The present work had its origin one sleepless night in the summer of 1966. Many are the thoughts that come to me on such nights; and among them entered the question: why should I not be a Poe scholar? The censorious reader will find below ample reason why I should not.

The initial intention was to have produced a polemic edition of ‘The rationale of verse’ illustrating two theses: first, that Poe had a tin ear, and that the allusions to music in his work reflect merely general reading; second, that Poe's four-footed scansion of Integer vitae derived only mediately from Horace, but proximately from Flemming's(1) musical setting of the ode. I have not abandoned the first thesis; but, having found no strong evidence therefor, do not urge it in the notes hereafter.

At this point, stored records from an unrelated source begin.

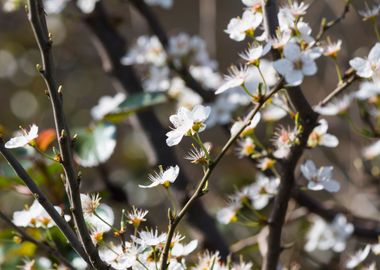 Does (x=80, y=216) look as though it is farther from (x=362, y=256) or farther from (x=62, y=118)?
(x=362, y=256)

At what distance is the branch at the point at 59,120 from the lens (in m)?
0.67

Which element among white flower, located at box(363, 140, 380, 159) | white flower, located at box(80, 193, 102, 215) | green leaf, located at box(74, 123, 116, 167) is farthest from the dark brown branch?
white flower, located at box(80, 193, 102, 215)

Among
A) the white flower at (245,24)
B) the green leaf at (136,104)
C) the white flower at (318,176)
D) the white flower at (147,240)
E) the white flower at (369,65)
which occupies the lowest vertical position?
the white flower at (318,176)

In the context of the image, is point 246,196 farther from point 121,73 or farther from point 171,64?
point 121,73

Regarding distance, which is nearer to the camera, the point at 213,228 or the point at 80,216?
the point at 80,216

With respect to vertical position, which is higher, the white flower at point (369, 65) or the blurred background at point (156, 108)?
the white flower at point (369, 65)

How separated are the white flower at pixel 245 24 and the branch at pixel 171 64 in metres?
0.53

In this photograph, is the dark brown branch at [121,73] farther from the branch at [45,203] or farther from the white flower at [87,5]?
the branch at [45,203]

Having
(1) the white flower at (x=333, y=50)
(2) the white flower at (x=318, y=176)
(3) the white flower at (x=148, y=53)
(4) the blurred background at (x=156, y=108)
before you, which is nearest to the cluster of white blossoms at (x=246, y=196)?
(2) the white flower at (x=318, y=176)

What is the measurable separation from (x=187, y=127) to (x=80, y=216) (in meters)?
0.16

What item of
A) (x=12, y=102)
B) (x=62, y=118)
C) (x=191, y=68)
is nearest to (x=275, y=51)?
(x=62, y=118)

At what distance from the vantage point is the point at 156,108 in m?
2.66

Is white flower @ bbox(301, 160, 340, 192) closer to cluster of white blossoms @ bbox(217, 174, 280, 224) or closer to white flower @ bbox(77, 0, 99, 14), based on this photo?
cluster of white blossoms @ bbox(217, 174, 280, 224)

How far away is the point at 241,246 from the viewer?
1.35 m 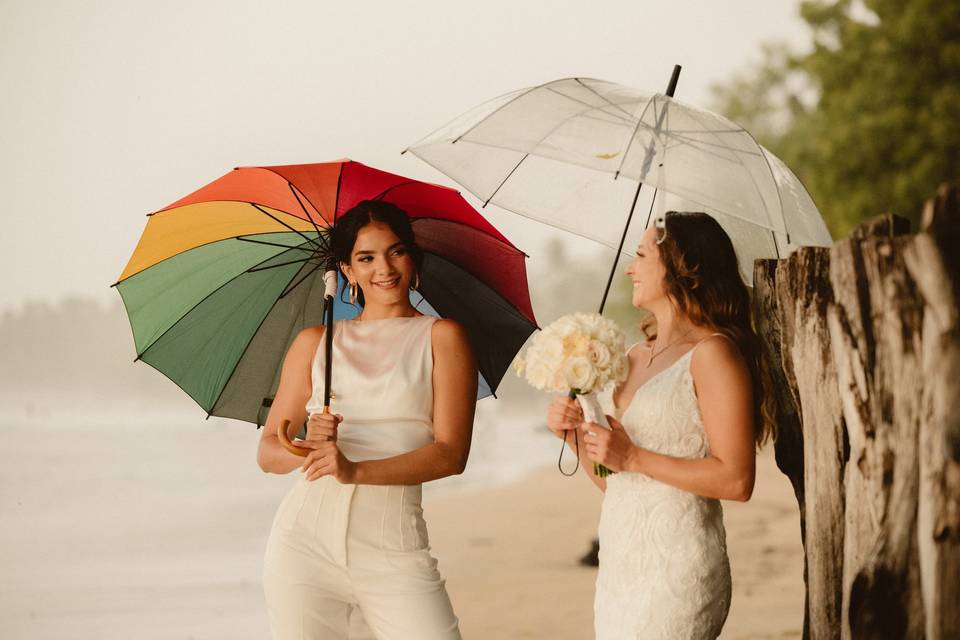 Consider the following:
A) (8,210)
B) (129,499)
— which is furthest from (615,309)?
(8,210)

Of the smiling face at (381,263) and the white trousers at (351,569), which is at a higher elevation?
the smiling face at (381,263)

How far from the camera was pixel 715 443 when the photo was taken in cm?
283

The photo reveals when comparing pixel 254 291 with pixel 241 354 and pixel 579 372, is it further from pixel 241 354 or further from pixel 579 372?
pixel 579 372

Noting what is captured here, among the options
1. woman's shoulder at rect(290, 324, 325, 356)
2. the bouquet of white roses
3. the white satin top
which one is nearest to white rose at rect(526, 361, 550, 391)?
the bouquet of white roses

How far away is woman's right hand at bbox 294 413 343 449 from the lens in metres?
2.99

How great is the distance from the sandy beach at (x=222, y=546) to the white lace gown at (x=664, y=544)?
5406 millimetres

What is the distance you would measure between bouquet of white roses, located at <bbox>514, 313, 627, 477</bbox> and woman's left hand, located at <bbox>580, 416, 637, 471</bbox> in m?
0.07

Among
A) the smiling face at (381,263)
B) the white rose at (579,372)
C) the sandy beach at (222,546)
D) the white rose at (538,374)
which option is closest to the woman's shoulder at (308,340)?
the smiling face at (381,263)

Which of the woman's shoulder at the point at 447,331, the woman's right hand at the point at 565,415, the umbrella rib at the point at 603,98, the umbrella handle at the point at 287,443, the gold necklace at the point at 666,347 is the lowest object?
the umbrella handle at the point at 287,443

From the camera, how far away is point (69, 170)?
42.0 metres

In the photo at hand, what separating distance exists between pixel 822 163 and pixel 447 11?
32921 mm

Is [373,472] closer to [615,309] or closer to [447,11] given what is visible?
[615,309]

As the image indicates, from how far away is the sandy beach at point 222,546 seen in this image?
1022cm

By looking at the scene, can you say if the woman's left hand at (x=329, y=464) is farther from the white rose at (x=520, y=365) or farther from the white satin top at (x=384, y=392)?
the white rose at (x=520, y=365) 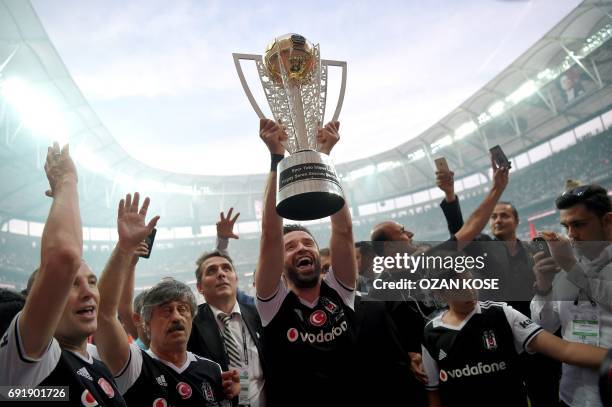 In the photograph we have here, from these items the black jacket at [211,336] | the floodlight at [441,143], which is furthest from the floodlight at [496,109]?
the black jacket at [211,336]

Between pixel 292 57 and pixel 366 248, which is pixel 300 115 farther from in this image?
pixel 366 248

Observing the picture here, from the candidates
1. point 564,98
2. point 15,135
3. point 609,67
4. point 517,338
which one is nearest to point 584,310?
point 517,338

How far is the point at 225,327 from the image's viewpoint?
264cm

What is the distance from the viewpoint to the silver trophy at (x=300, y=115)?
184cm

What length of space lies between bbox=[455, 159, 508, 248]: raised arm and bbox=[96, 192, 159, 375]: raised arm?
82.8 inches

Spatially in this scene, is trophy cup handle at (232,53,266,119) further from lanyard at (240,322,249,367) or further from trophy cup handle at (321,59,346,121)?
lanyard at (240,322,249,367)

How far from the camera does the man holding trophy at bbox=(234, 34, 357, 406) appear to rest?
1.80 metres

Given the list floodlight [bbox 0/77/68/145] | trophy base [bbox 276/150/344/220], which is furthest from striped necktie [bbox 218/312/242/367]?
floodlight [bbox 0/77/68/145]

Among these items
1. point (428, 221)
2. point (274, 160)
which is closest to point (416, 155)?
point (428, 221)

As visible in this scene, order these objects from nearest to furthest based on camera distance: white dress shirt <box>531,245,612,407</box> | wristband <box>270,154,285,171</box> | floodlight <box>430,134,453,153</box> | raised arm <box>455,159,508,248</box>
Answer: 1. white dress shirt <box>531,245,612,407</box>
2. wristband <box>270,154,285,171</box>
3. raised arm <box>455,159,508,248</box>
4. floodlight <box>430,134,453,153</box>

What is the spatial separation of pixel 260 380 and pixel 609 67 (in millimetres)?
24626

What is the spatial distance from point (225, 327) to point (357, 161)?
99.7 ft

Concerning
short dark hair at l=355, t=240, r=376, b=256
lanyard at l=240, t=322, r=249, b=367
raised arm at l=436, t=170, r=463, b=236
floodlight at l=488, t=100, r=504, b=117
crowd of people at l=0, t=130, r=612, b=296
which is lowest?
lanyard at l=240, t=322, r=249, b=367

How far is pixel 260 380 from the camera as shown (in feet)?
7.43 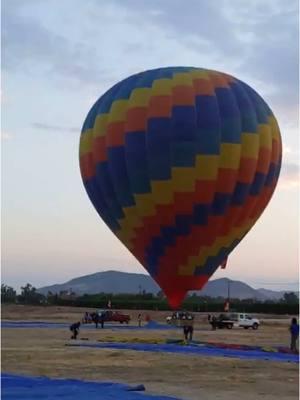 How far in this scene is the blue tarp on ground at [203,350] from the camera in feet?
69.9

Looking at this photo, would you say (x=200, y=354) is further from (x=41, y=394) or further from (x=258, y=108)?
(x=41, y=394)

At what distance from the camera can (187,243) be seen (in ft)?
66.7

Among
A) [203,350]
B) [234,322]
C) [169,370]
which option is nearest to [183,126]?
[169,370]

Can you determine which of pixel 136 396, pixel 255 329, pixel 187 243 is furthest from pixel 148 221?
pixel 255 329

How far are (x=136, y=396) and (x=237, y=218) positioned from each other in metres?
9.26

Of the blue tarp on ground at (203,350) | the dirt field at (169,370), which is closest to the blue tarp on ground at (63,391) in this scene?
the dirt field at (169,370)

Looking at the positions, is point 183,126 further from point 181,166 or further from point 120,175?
point 120,175

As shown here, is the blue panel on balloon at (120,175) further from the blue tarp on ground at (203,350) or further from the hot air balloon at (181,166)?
the blue tarp on ground at (203,350)

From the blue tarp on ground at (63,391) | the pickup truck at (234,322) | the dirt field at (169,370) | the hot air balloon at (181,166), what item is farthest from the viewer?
the pickup truck at (234,322)

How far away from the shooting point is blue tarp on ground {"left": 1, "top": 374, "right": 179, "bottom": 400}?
11.5m

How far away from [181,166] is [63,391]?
346 inches

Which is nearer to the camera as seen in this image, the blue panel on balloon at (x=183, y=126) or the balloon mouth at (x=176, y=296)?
the blue panel on balloon at (x=183, y=126)

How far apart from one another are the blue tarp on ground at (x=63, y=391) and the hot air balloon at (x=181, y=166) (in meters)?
7.47

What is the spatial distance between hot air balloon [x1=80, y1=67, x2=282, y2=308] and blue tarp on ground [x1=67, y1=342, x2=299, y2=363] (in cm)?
237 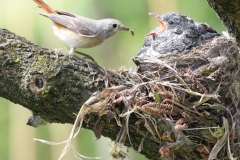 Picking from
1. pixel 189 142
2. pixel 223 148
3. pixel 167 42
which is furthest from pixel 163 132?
pixel 167 42

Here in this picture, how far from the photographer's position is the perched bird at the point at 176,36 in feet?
12.4

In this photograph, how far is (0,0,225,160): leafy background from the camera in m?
7.18

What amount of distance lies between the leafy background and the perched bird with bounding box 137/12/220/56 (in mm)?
2707

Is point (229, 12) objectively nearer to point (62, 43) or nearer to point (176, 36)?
point (176, 36)

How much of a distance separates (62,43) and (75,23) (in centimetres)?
486

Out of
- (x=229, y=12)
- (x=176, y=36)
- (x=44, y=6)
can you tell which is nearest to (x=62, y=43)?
(x=176, y=36)

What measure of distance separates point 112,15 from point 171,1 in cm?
99

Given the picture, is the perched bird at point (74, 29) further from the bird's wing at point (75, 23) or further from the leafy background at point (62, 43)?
the leafy background at point (62, 43)

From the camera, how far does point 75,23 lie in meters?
3.34

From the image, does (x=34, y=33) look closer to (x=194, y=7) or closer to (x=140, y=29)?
(x=140, y=29)

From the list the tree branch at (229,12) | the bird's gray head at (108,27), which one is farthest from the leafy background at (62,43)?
the tree branch at (229,12)

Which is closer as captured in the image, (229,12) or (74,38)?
(229,12)

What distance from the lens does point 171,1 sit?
720 cm

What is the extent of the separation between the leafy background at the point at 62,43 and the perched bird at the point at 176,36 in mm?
2707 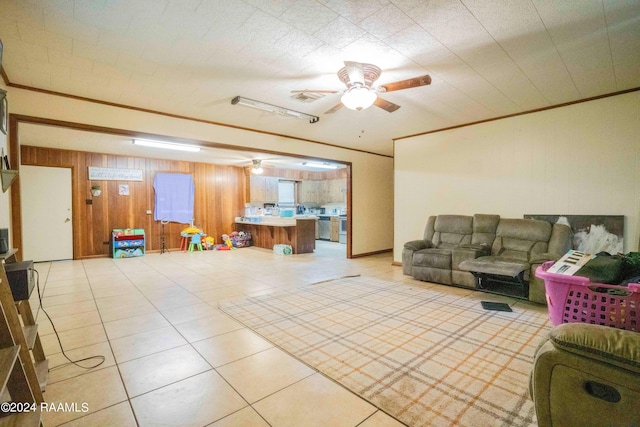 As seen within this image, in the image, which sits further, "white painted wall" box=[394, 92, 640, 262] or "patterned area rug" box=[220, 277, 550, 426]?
"white painted wall" box=[394, 92, 640, 262]

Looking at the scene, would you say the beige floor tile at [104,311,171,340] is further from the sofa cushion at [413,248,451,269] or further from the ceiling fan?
the sofa cushion at [413,248,451,269]

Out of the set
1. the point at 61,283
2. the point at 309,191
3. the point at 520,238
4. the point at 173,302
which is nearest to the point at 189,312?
the point at 173,302

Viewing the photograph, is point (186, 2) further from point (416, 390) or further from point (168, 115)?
point (416, 390)

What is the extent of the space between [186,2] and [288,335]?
257cm

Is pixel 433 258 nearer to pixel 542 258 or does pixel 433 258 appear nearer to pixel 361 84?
pixel 542 258

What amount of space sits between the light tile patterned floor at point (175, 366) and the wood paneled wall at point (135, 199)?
2.68 metres

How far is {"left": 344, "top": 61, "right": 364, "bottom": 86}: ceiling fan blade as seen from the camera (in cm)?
241

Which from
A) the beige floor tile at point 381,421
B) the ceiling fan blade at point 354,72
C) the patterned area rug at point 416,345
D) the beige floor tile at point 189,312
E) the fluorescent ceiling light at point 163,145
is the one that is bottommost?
the beige floor tile at point 189,312

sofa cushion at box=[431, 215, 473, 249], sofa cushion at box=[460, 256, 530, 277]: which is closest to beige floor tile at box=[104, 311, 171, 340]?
sofa cushion at box=[460, 256, 530, 277]

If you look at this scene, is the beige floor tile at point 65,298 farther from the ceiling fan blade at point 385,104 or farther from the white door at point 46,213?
the ceiling fan blade at point 385,104

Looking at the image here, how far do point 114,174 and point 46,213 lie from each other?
1497 millimetres

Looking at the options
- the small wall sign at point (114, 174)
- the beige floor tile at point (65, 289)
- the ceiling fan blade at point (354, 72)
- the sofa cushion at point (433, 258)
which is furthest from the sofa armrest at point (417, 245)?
the small wall sign at point (114, 174)

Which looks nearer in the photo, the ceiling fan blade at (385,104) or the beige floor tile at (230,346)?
the beige floor tile at (230,346)

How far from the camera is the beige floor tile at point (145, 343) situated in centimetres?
221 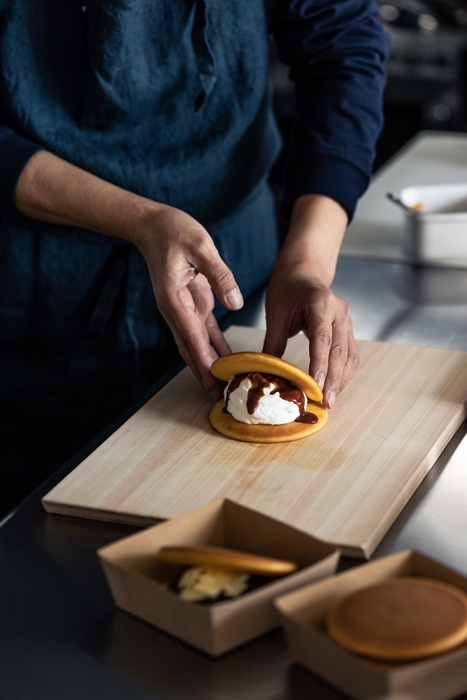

The logical connexion of Rationale with the other texts printed may be briefly stated. Poe's review of Bryant is the source of his remarks in Rationale on the versification of Pope and Willis, and his earliest discussion of the use of trisyllabic feet; since Bryant had strong views, only partly coincident with Poe's, about such feet, it seemed fair to append them. ‘Notes upon English verse’ has been generally assumed(2) to be a mere preliminary edition of Rationale, and has escaped reprinting. The margins ale on rhyme is the source of Poe's remarkable note on the hedonics of crystalloscopy. The marginale on alexandrines is evidence that Poe's final theory of bastard feet dates from 1847: his original review of Mrs Hewitt (1846) scans her trisyllabic feet as anapaests. The 1850 review of Mrs Hewitt is the only published at, tempt I have seen — whether Poe wrote it or no — to apply Poe's numerical system of marking scansion in routine criticism. The Goold Brown is the only work on prosody or versification(3) that Poe can be proved to have read; and it is more convenient to put it in a lump than to disperse it in footnotes.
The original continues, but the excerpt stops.